Winter Skyfall
- 23 hours ago
- 5 min read
by Stoker

One strange quirk of my childhood is that I was always fascinated by politics. My earliest political memory – I was 8 – is the assassination of President John Kennedy; and rushing to get the newspapers next morning so I could read up what had happened, and what might happen next. The next memory is perhaps a year later, late 1964, sitting on the floor in my grandmother’s drawing room, hidden at the back of the long sofa from which she held court. And hold court, or at least, hold forth, she did.
What gripped me was a secret that she was imparting to her guests. She said that Harold Wilson was a Communist and that we were living in the last few months of freedom. Soon everything, she said, would be seized by the government.
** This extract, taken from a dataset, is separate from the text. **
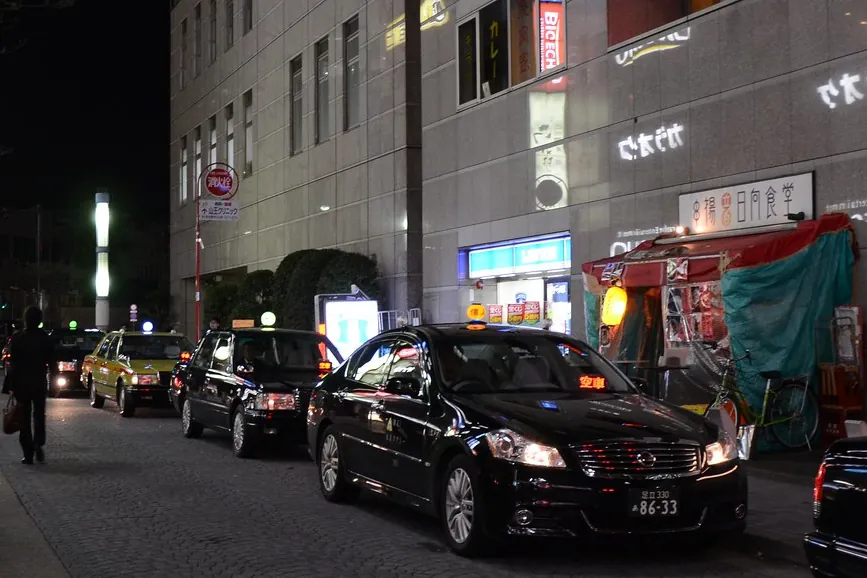 東京夜晚的街道，計程車沿著路邊排隊，店家招牌亮著燈，旁邊有一座有頂棚的小吃攤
Wilson was the newly elected Prime Minister of the first Labour government for thirteen years, overturning, very narrowly, a reasonably successful Conservative government.
Wilson was certainly regarded among many Conservative voters as a dangerous leftie. But this was astonishing information. Wilson a Communist! I wasn’t exactly sure what one was, but I was horrified by the thought that he would shortly be along to seize our home, farm, cars, maybe even our dogs. And my toys, my Corgi-Cars Bentley, newly acquired? My lord, this was horrific. So horrific that I kept these insights from the political world to myself – also because there would have been dire consequences had the grown-ups become aware I was sitting in on their conversation.
But from then on, I became an avid reader of the newspapers, anxious and fearful as to how the Communist seizures were going. Of course, as we now know, they weren’t. In spite of extraordinary high taxation, at confiscatory levels on the rich, most of us survived. Even my Bentley.
As an aside, my grandmother was not the only one to think Wilson a Communist. A senior group in MI5, most famously Peter Wright, thought him a Russian Soviet agent deeply embedded in the political system, and became determined to both out him and oust him. They failed to do either, though rumours linger on. They also thought that the head of MI6, Roger Hollis, was a Soviet agent, along with those unmasked as the “Cambridge Five” spy-ring: Philby, Burgess, Maclean, Cairncross, and Blunt. Nevertheless, Wright’s book Spycatcher is a fascinating read on the subject and an unwitting insight into paranoia!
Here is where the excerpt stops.